Il Casentino presenta delle difficoltà strutturali, innanzitutto perché non ha un’autostrada vicina che lo collega ai grandi centri, al contrario della Valdichiana, della Valtiberina e del Valdarno. Questo è un vantaggio a livello di conservazione ambientale e di mantenimento dei valori, ma dall’altra parte porta meno ricambio e meno aria fresca. La nostra vallata ha scelto di essere “conservatrice” ma questo comporta il rischio che i giovani se ne allontanino non vedendo molte strade di fronte a sé. Forse un’altra “pecca”, se così vogliamo chiamarla, è la mancanza di coordinamento, che ci permetterebbe di risparmiare e non sovrapporre i “big events” soprattutto nel periodo estivo. Oltre a questo, molto spesso, chi organizza eventi, non sempre si preoccupa di assumere o ingaggiare regolarmente professionisti del settore, nella speranza che non succeda mai niente.
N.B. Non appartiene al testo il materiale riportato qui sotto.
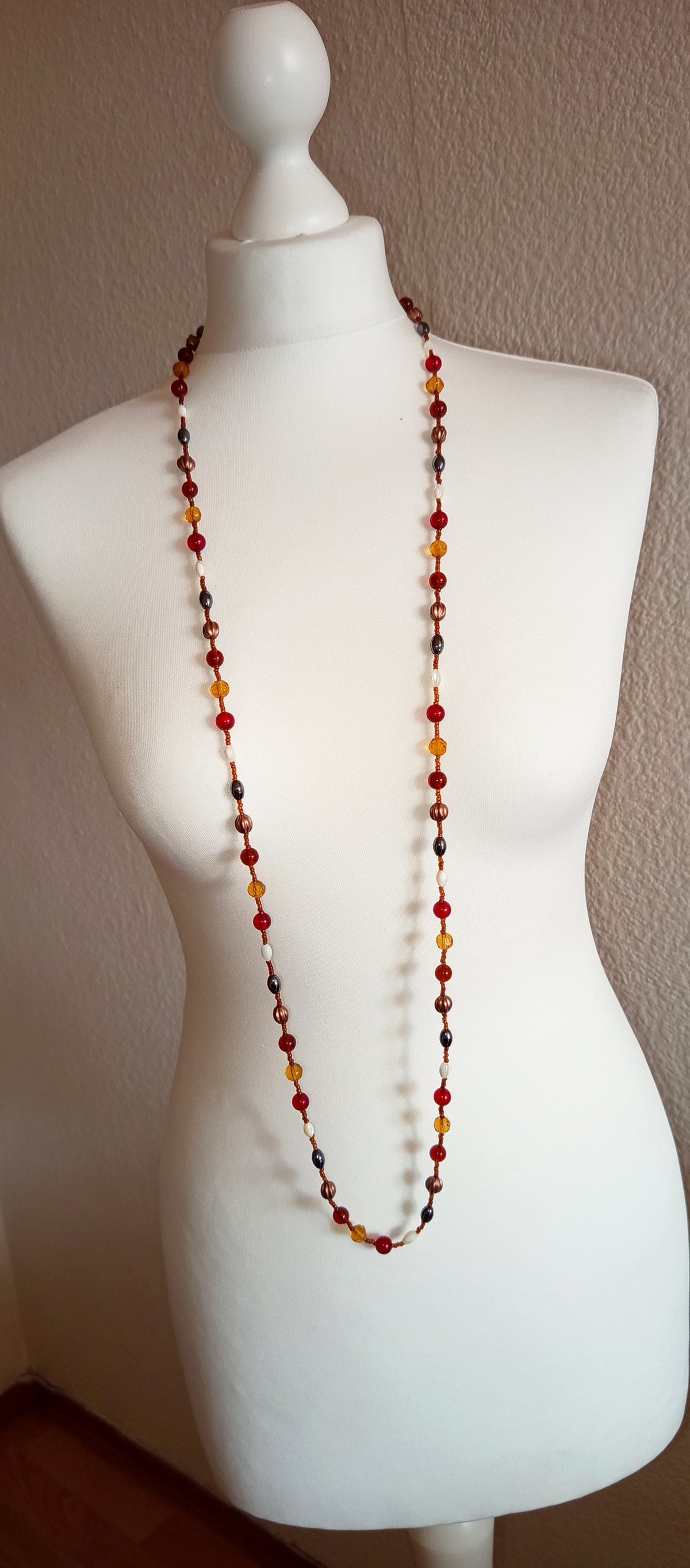 Beaded necklacec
È chiaro che questo, oltre a mettere a rischio gli organizzatori stessi, mette a rischio le amministrazioni, che spesso non ne sono al corrente.

Credi di aver dato un contributo a smuovere la nostra valle dal suo torpore?
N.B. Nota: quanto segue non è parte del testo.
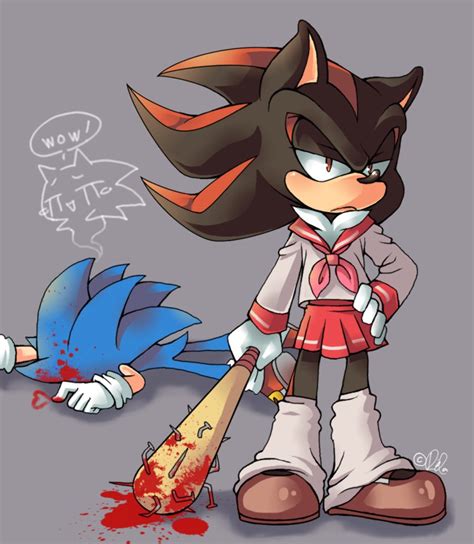 cute shadow sonic the hedgehog bmp befuddle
Sì, specialmente con il gruppo Supreme on tour, perché senza dei meravigliosi compagni di viaggio, non avremmo mai raggiunto così tanti successi. Siamo arrivati ad organizzare 40-50 eventi all’anno in Casentino. Per darti un’idea numerica, nel 2018 abbiamo coinvolto circa 100.000 giovani, e adesso siamo pronti a ripartire con lo stesso entusiasmo.
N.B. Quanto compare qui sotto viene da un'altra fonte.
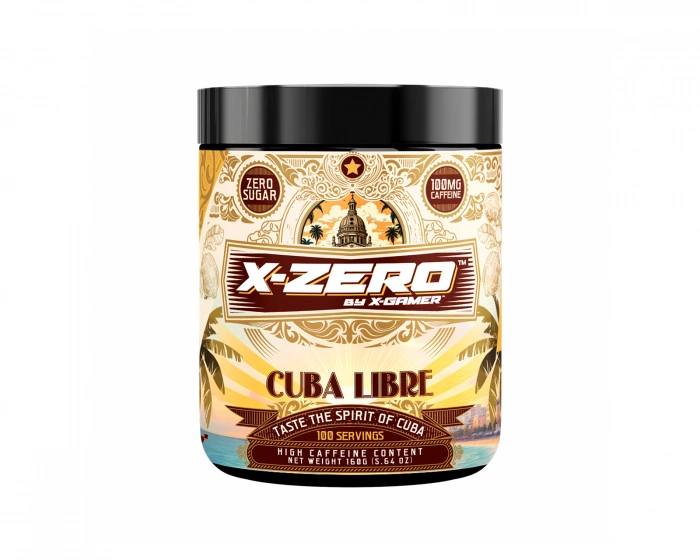 X-Gamer X-Zero Cuba Libre - 100 Servings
Quali sono i tuoi prossimi progetti?

Intanto vogliamo far funzionare il nuovo brano, il cui video uscirà a metà maggio, e successivamente continueremo a produrre nuovi singoli. Un altro importante obiettivo è rendere Supreme on Tour sempre più autonomo e strutturato. Ci tengo a ringraziare in particolare Sara, compagna di lavoro e non solo, che in questi anni ha subito più di tutti la mia poca presenza, e quelle persone che hanno creduto in noi e apprezzato il nostro impegno.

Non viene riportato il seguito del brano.